Drafted into the army in 1952, he spent his two-year hitch assigned to a personnel management team on the West Coast. He then returned to Chicago and found work as a bookkeeper.
“To pass the time during the tedious afternoons of balancing petty cash,” he wrote in his book, “I began swapping absurd stories on the telephone with my friend Ed Gallagher, who worked in advertising.”
Newhart would, for example, call Gallagher and identify himself as the plant manager of a yeast factory reporting a fire to the owner.
“Hold on, sir. I have to put you on hold while I run up another floor. The yeast is rising. … Sir, are you still there?”
Newhart and Gallagher recorded extended versions of their phone routines and mailed demo tapes to radio stations around the country. But they abandoned the money-losing venture after enlisting only three stations.
Newhart, who was still living with his parents and working part-time jobs, had no ambition to become a stand-up comedian. But, he later said, he was interested in seeing if he could make a living at being funny.

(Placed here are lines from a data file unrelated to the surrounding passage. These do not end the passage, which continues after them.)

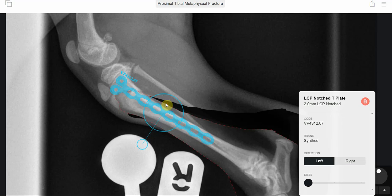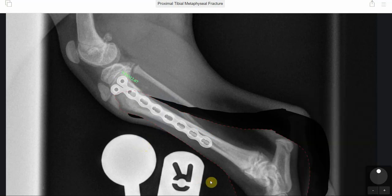As can be seen here, we can just about get three little screws above and then further down into the shaft of the tibia. So that was our plan.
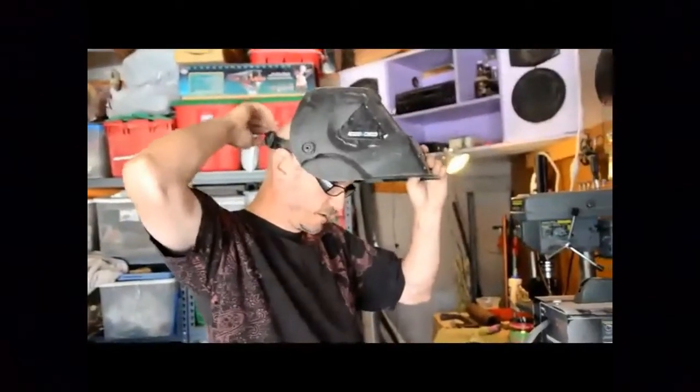I could go on, but watch me in action. Always use your safety equipment.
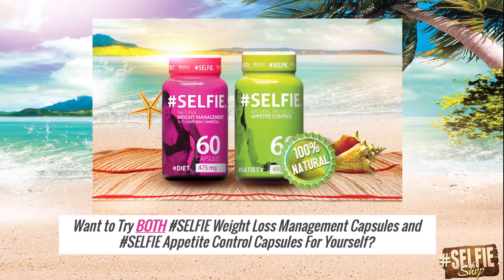Want to try both Selfie Weight Loss Management Capsules and Selfie Appetite Control Capsules for yourself? Click the link above.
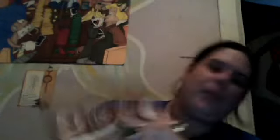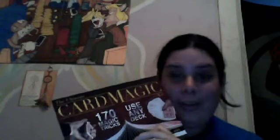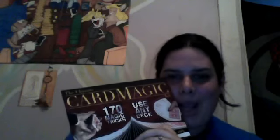This was Card Magic. Thank you for watching — I had fun making this video for you guys and looking through this stuff. As always, the links will be below. Have a great day.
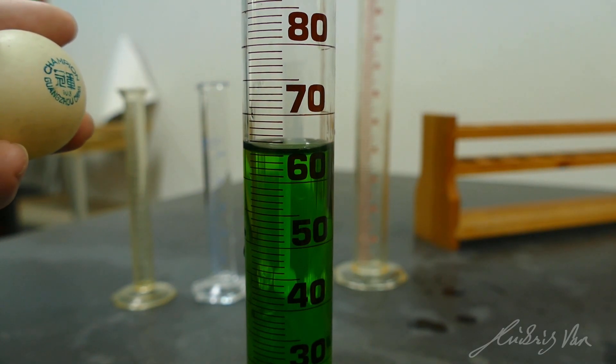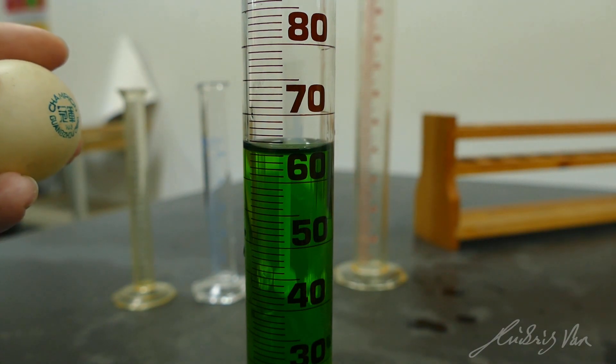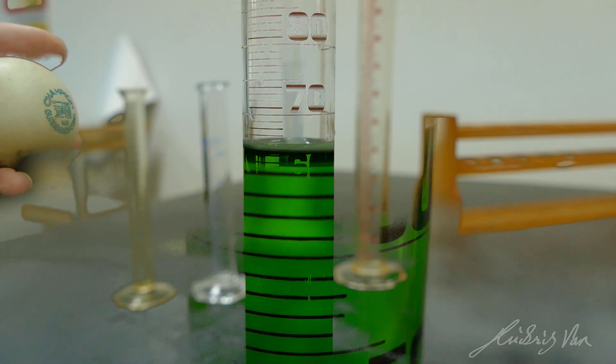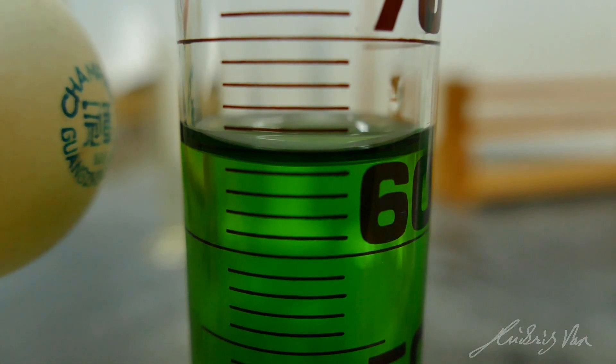Then you can just add it drop by drop to see whether it increases until 65. Now, just make sure that you are reading it from the meniscus — that means the bottom. So let me just add a bit more. If close by, your eyeball should be at this level.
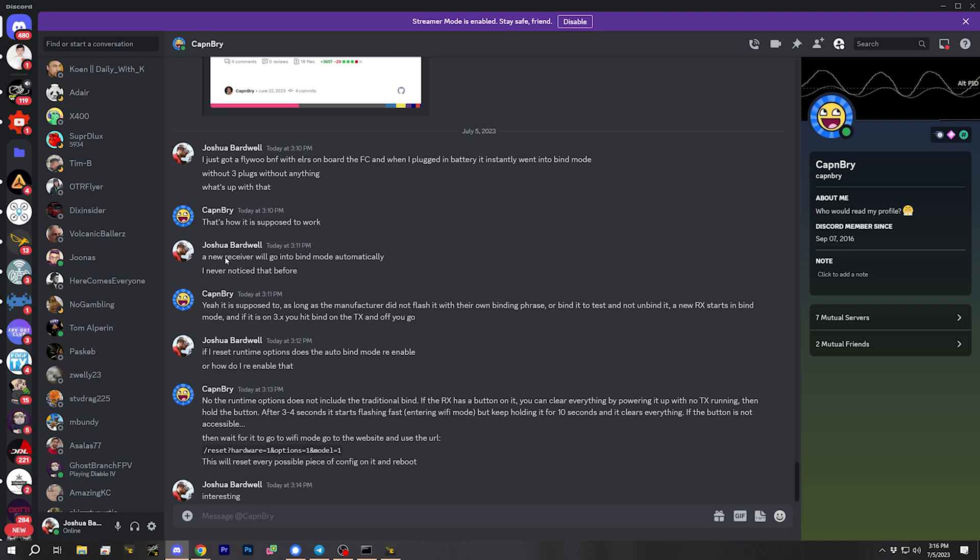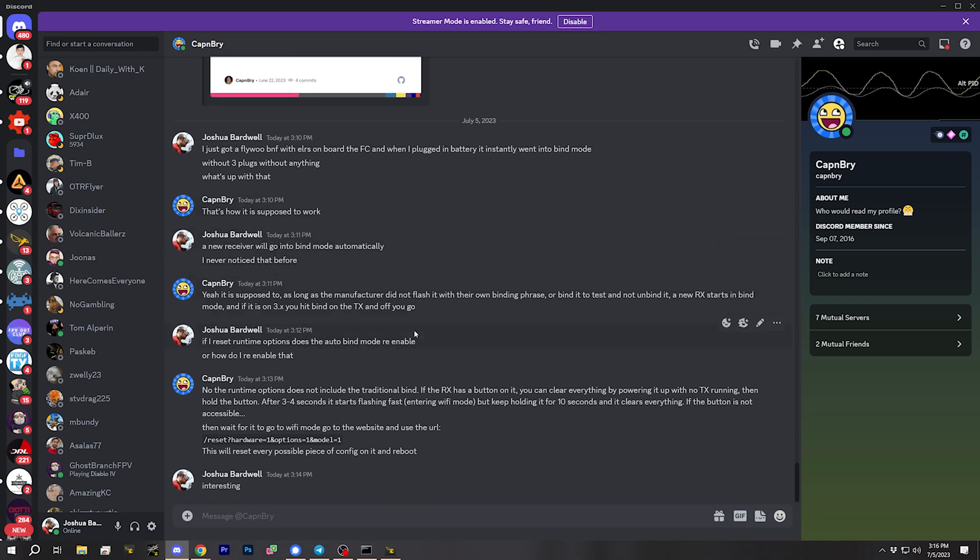Thanks to ExpressLRS developer Cap'n Bry for sorting me out here. Apparently, ExpressLRS receivers go straight into bind mode when you first power them up, if they're fresh from the factory. I never noticed that before because I don't use the traditional bind method — I use binding phrases. But if that's useful for you, then more power to you.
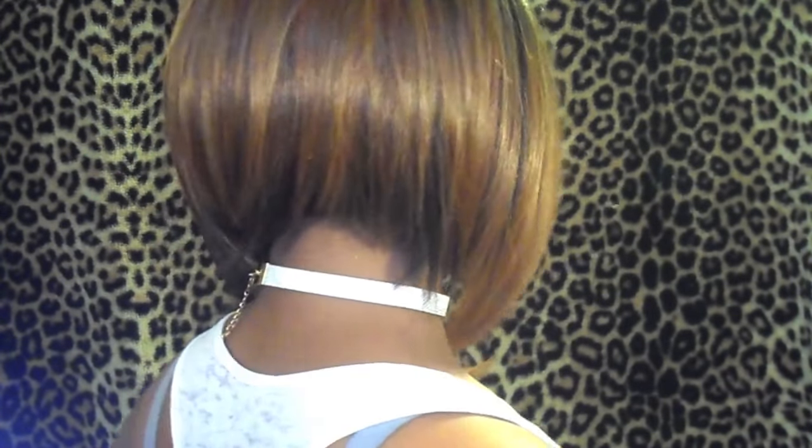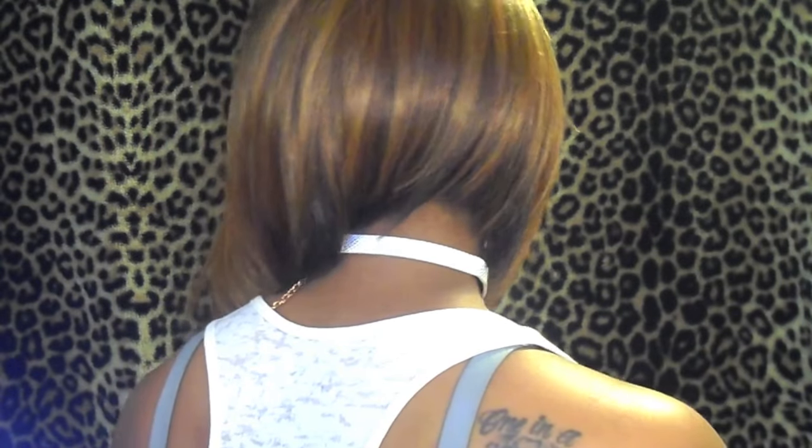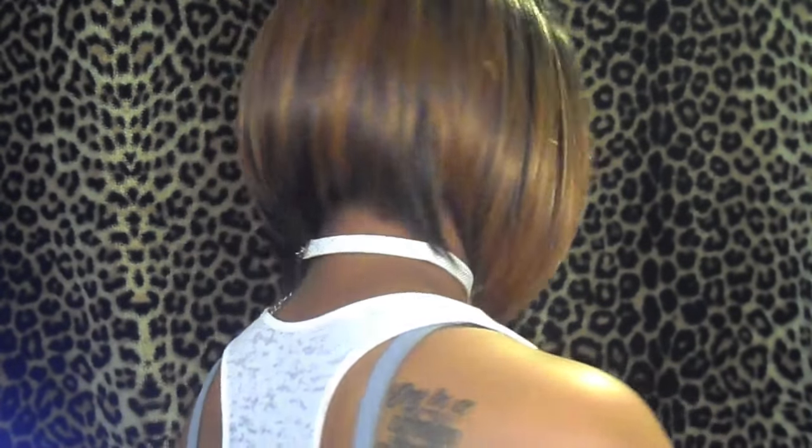Let me go ahead and show you this wig all the way around and then I'll get to construction. Oh my gosh, I just love this wig so much. The layers in it are just amazing.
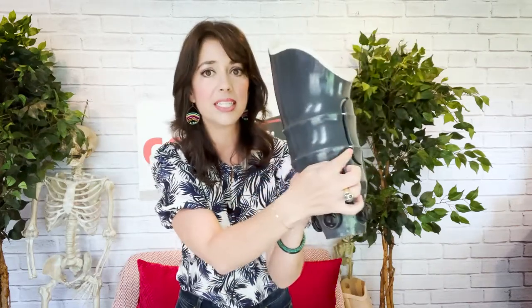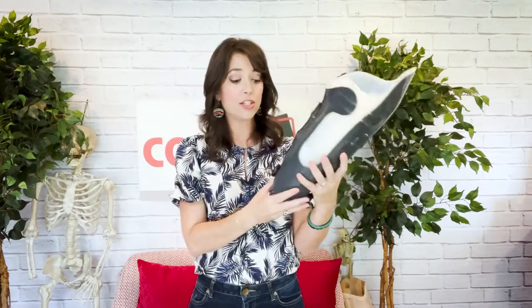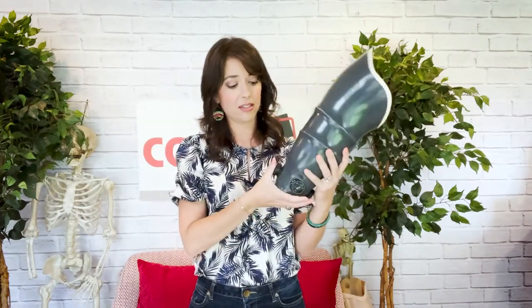Here you can see an example of the gap design, and here is a sample of the panel design right here. You can find a picture of the hinge design in the links below. Now once your limb is in the socket, you twist the click reel or boa dial — depending on which one you have — to tighten or loosen your socket as needed throughout your day.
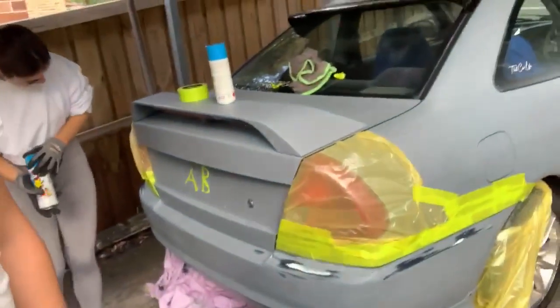Hi everyone, Jordan here from That Car Life. I'm currently filming on the iPhone and today we are starting the Lancer respray process. As you can see, we've got the rear of the car — the rear bumper ready for paint. We've sanded it down and masked up the taillights and everything to get it all sorted.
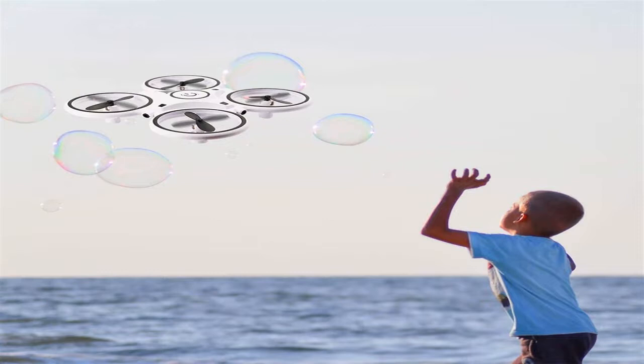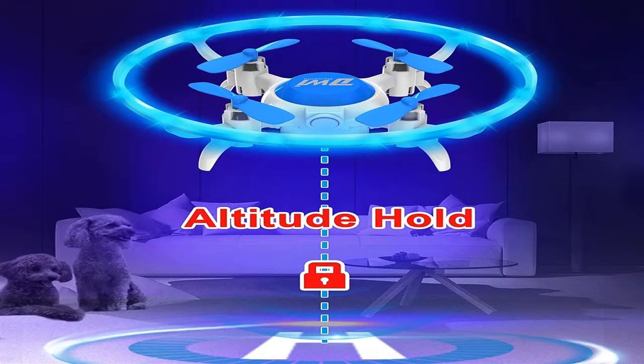Quadcopters can be of different weights. Mini drones are suitable for a youngster and can be launched inside the apartment. Their weight can be around 50 grams, and they are excellent for practicing drone control skills.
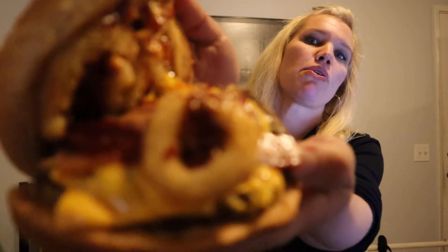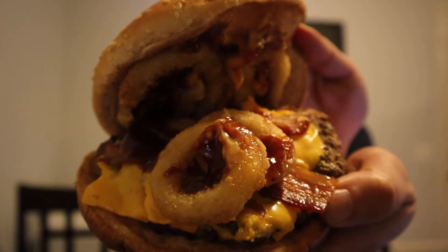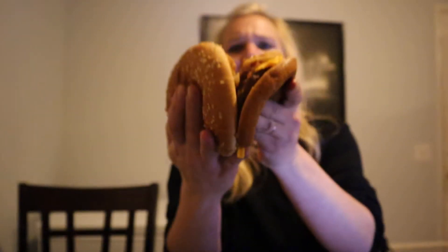American cheese, smoky bacon — hopefully you can see that — fried onion rings, and some special stacker sauce that I'm assuming is barbecue-y. Fits the profile.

Newhart’s break came when his friend Dan Sorkin, a popular Chicago disc jockey, arranged for him to play some of his comedy tapes to visiting Warner Bros. Records executives.
“He didn’t even have to finish the Abraham Lincoln thing for it to be clear. He was an original, a real talent,” James Conkling, president of Warner Bros. Records, recalled in Jeff Sorensen’s 1988 biography, “Bob Newhart.”
Newhart, as Nachman pointed out in his book, “became a star in months, the first comedian manufactured solely out of vinyl.”
In 1961, Newhart’s comedian pal Buddy Hackett set him up with a blind date with Virginia Quinn — Ginnie — the college-student daughter of character actor Bill Quinn who was working part-time as an extra at Paramount. She and Newhart were married two years later.
Late in life, Newhart returned to stand-up and found it life-renewing.
“What I’ve learned is: I love the danger,” he told the New York Times in 2019. “This thing I thought I hated all my life, that’s why I was doing it. If the show is at 8, and it’s 6, what will I be doing? Pacing. After 60 years, still pacing. I like that feeling.”
Newhart is survived by four children, Jennifer, Courtney, Timothy and Robert, and numerous grandchildren. His wife of 60 years, Virginia “Ginnie” Newhart, died in 2023.